Indeed, Dawkins makes a bold attack on tolerance as it is manifested in society’s permitting people to rear their children in their own religious traditions. He turns an especially cold eye on the Amish:

“There is something breathtakingly condescending, as well as inhumane, about the sacrificing of anyone, especially children, on the altar of ‘diversity’ and the virtue of preserving a variety of religious traditions. The rest of us are happy with our cars and computers, our vaccines and antibiotics. But you quaint little people with your bonnets and breeches, your horse buggies, your archaic dialect and your earth-closet privies, you enrich our lives. Of course you must be allowed to trap your children with you in your seventeenth-century time warp, otherwise something irretrievable would be lost to us: a part of the wonderful diversity of human culture.”

The fact that the Amish are pacifists whose way of life burdens this beleaguered planet as little as any to be found in the Western world merits not even a mention.

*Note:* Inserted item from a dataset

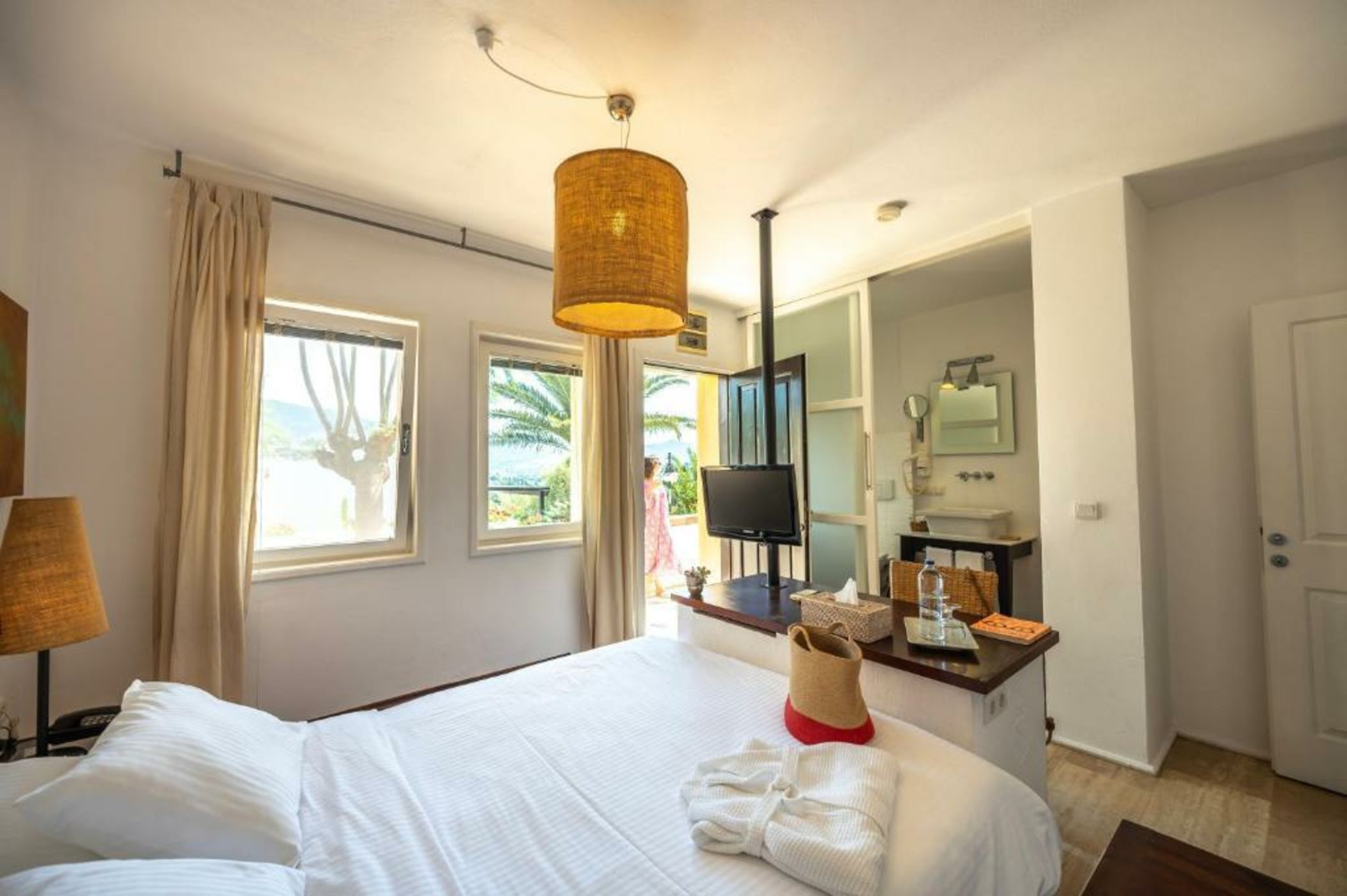 4reasons hotel + bistro | 12+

Yet Dawkins himself has posited not only memes but, since these mind viruses are highly analogous to genes, a meme pool as well. This would imply that there are more than sentimental reasons for valuing the diversity that he derides. Would not the attempt to narrow it only repeat the worst errors of eugenics at the cultural and intellectual level? When the Zeitgeist turns Gorgon, the impulses toward cultural and biological eugenics have proved to be one and the same. It is diversity that makes any natural system robust, and diversity that stabilizes culture against the eccentricity and arrogance that have so often called themselves reason and science.